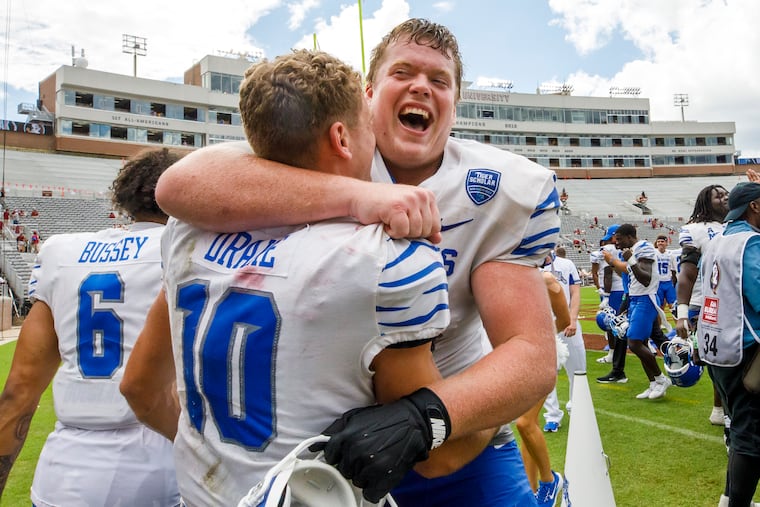 Memphis wide receiver Koby Drake and offensive lineman Jonah Gambill celebrate after defeating Florida State, 20-12, on Sept. 14.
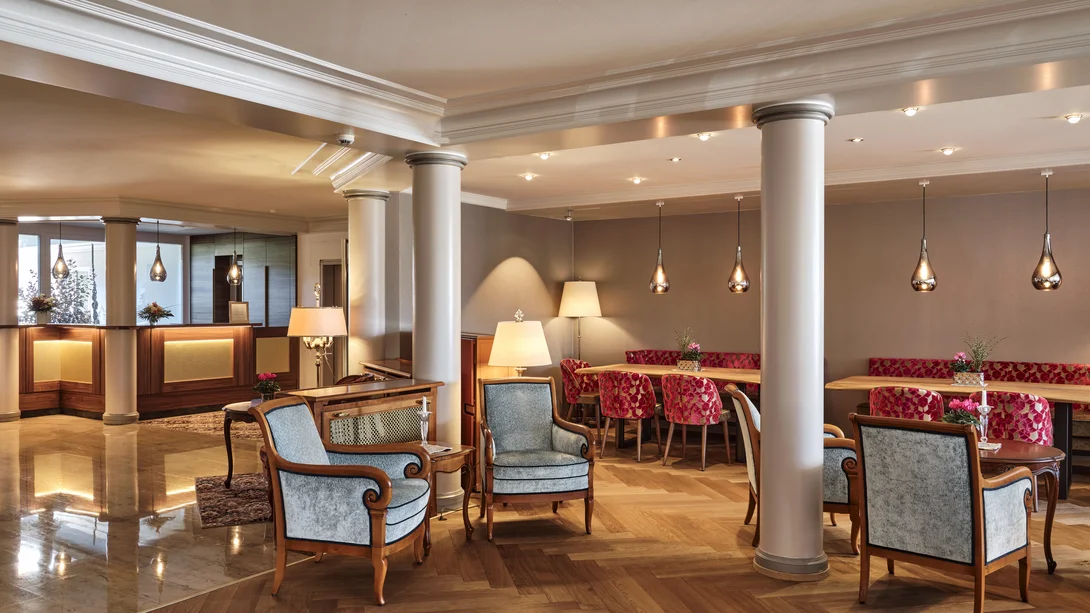 Reppert, Ihr Hotel in Hinterzarten im Schwarzwald Heller Hotel-Lobbybereich mit Säulen, Sesseln und roten gepolsterten Stühlen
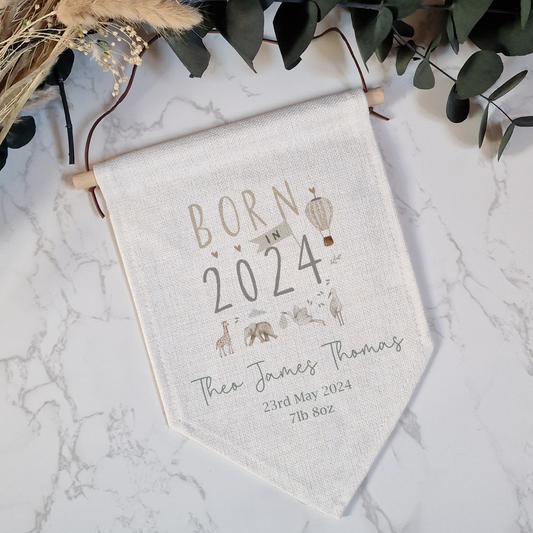 Linen flag with Born in 2024 text and safari animals. Personalised with name and birth details.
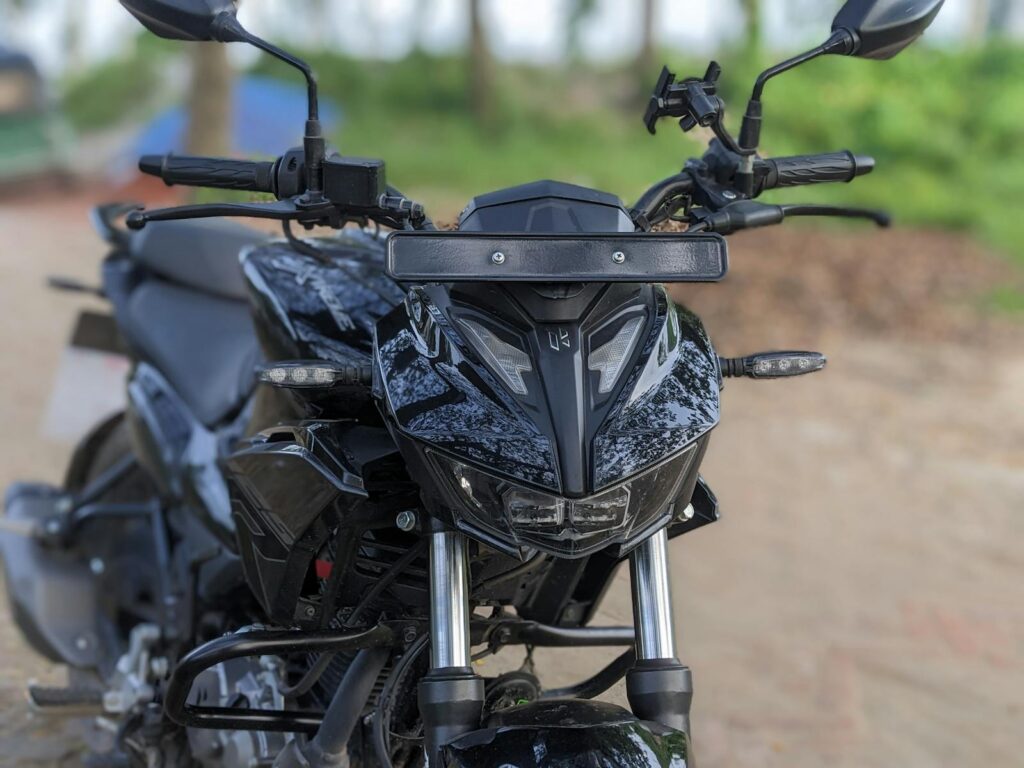 Close-up view of a black motorcycle parked outdoors with blurred natural background.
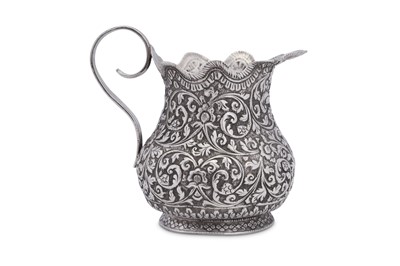 Lot 198 - An early 20th century Anglo – Indian unmarked silver cream or milk jug, Cutch circa 1920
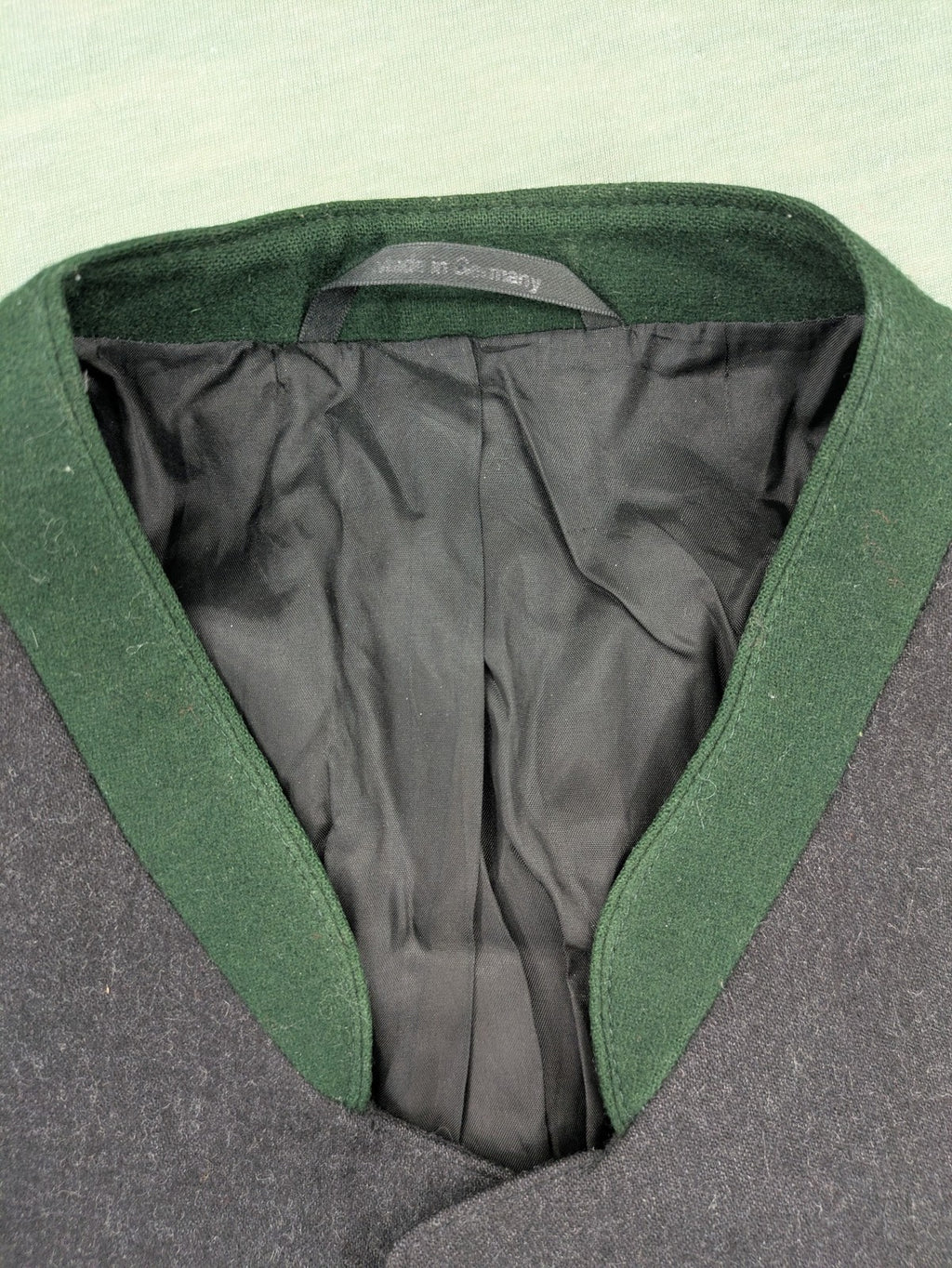 Rofan Tracht grey jacket with green stand-up collar and pockets, made from 100% wool.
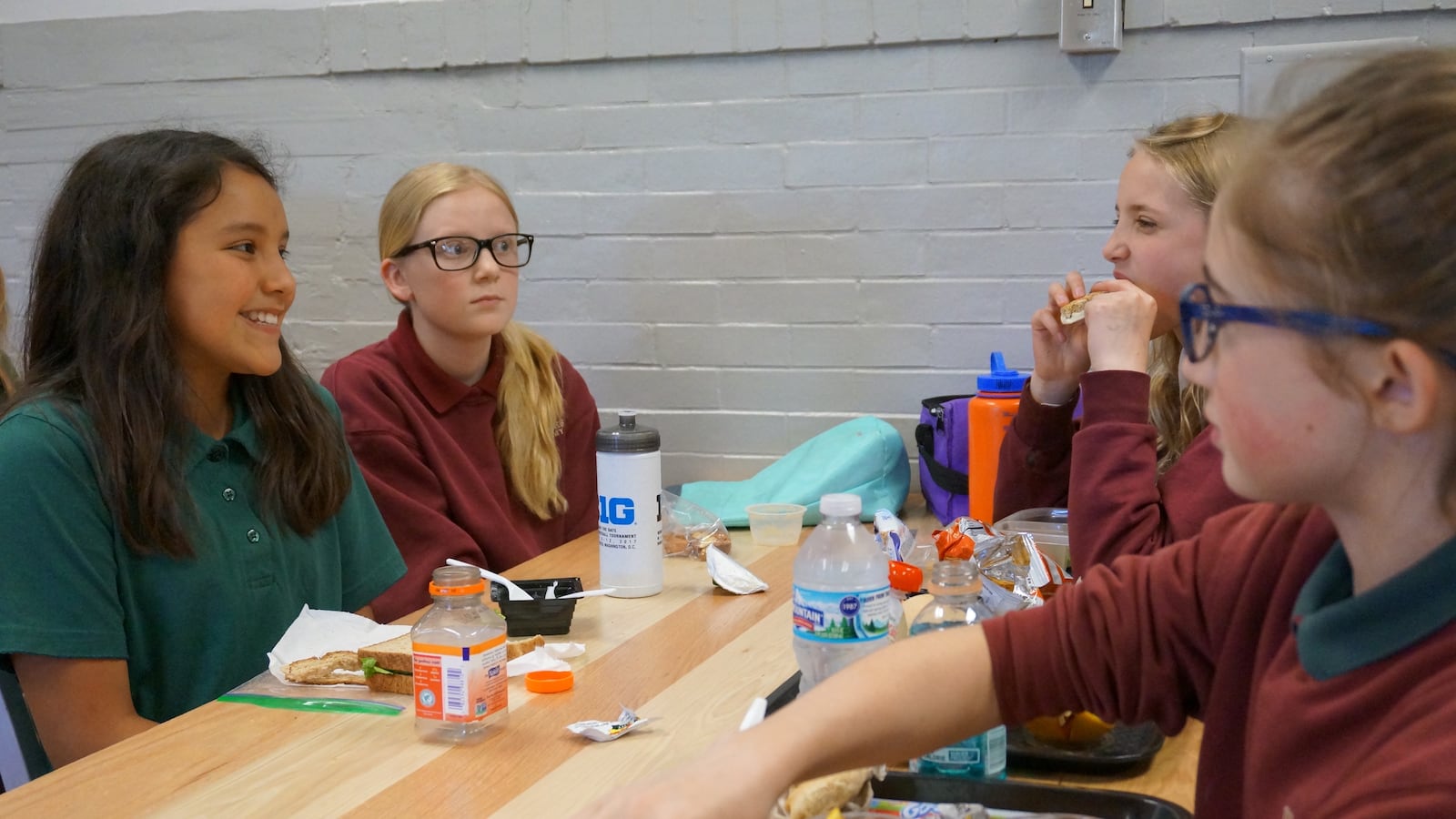 Students eat lunch at the Oaks Academy Middle School, a private Christian school that is integrated by design.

____________

Before you return the listing exactly, strip out its pictures.

Written answer:
 Memphis wide receiver Koby Drake and offensive lineman Jonah Gambill celebrate after defeating Florida State, 20-12, on Sept. 14.
 Reppert, Ihr Hotel in Hinterzarten im Schwarzwald Heller Hotel-Lobbybereich mit Säulen, Sesseln und roten gepolsterten Stühlen
 Linen flag with Born in 2024 text and safari animals. Personalised with name and birth details.
 Close-up view of a black motorcycle parked outdoors with blurred natural background.
 Lot 198 - An early 20th century Anglo – Indian unmarked silver cream or milk jug, Cutch circa 1920
 Rofan Tracht grey jacket with green stand-up collar and pockets, made from 100% wool.
 Students eat lunch at the Oaks Academy Middle School, a private Christian school that is integrated by design.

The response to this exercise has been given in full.